3. There is some evidence that at least some politicians are willing to leave what would appear to be crucial aspects of governing to political leaders and quiet, powerful players in the TPS. For example, some politicians don't bother to read legislation they vote on, preferring to leave that to their party's leaders, lobbyists or whoever it is that does those unpleasant legislating things.

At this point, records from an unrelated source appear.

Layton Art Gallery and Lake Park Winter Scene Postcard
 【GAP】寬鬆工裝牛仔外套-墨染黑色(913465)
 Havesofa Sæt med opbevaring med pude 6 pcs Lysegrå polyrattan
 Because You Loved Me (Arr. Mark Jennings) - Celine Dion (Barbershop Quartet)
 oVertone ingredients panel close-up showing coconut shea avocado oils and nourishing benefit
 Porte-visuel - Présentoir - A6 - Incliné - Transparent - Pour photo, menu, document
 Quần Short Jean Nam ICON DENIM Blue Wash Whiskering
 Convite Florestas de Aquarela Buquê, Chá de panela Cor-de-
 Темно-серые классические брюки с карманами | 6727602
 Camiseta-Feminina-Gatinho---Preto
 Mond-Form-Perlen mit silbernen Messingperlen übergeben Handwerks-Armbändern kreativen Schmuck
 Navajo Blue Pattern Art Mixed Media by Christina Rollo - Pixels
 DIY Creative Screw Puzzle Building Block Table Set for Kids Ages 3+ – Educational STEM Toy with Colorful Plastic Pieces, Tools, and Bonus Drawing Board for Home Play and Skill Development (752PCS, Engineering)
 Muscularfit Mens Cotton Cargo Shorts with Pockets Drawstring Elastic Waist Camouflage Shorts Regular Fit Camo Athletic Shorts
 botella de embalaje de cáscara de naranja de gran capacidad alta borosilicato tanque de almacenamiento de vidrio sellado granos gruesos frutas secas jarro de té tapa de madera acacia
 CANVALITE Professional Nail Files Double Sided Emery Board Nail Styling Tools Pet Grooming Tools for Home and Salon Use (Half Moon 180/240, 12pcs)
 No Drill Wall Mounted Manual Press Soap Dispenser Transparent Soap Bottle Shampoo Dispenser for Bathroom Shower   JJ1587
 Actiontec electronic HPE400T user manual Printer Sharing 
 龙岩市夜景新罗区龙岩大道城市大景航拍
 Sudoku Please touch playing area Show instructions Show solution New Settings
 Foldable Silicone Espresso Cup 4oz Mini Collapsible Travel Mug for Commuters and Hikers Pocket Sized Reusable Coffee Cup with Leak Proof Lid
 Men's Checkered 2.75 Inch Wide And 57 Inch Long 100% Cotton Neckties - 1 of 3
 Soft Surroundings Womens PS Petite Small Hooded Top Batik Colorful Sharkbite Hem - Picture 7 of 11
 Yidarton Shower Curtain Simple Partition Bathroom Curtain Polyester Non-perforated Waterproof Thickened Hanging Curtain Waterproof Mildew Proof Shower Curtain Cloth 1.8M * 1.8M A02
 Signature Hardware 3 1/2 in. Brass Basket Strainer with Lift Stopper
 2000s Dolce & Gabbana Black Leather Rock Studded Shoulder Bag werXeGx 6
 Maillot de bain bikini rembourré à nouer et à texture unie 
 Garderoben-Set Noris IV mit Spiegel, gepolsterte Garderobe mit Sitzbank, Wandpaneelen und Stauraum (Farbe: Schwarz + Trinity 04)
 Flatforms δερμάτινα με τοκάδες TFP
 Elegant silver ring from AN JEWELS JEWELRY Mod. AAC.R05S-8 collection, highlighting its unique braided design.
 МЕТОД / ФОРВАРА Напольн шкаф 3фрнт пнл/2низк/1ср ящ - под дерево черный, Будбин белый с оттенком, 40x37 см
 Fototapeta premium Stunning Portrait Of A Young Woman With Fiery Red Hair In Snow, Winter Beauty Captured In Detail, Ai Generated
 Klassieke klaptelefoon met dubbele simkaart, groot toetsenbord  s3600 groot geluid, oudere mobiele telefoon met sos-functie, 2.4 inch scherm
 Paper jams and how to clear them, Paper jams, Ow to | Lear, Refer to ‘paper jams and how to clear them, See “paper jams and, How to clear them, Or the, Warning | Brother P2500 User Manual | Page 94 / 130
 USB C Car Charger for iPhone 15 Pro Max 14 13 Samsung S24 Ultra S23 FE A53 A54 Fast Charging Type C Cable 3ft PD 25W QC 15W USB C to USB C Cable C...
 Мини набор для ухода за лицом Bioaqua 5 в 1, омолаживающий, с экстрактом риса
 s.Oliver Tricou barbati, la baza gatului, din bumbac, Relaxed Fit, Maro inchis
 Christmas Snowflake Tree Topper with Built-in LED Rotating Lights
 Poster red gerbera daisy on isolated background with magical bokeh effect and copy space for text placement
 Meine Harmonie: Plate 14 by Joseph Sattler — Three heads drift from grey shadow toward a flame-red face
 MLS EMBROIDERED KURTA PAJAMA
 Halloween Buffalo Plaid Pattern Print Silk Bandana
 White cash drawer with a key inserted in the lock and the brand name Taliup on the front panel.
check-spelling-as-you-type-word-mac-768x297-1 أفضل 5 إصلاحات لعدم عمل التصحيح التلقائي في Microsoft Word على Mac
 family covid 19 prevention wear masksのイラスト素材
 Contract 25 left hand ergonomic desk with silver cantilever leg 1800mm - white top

4. Other costs of political spin include fostering (i) distrust between the left and right by appeal to emotion, primarily fear, anger and hate, instead of neutral argument over unbiased fact and reason and (ii) reluctance or refusal of partisans or ideologues to accept unspun facts that undermine their ideology or self-interest. Rejection of fact is bipartisan. It cripples effective governance. It is usually easy to know whether the politics of a partisan is liberal or conservative simply by asking a few questions they are reluctant or refuse to answer. The reluctance stems from answers that are uncomfortable for ideological reasons. For example, pro-abortion liberals tend to avoid answering the question 'Is a 20-week old unborn child a human being?', while anti-abortion conservatives generally have no discomfort answering the question because the answer does not undermine their anti-abortion ideology or belief. For ideologues, reality (facts) is often hard to reconcile with their ideology and many often do not face it honestly and instead, subconscious or not, deny or distort uncomfortable reality to make it palatable. Politics based on that kind of flawed perception and thinking is second rate and wasteful at best. Ideological politics doesn't serve the public interest nearly as well as facing reality despite the psychological discomforts. The most obvious conclusion is that ideology is bad for politics and the public interest. This boils down to a fight over core values, which is a topic is for another post.
5. Obviously DP cannot prove the costs, because no one has done a serious, fact-based, unbiased assessment. On the other hand, no one can disprove them either for the same reason.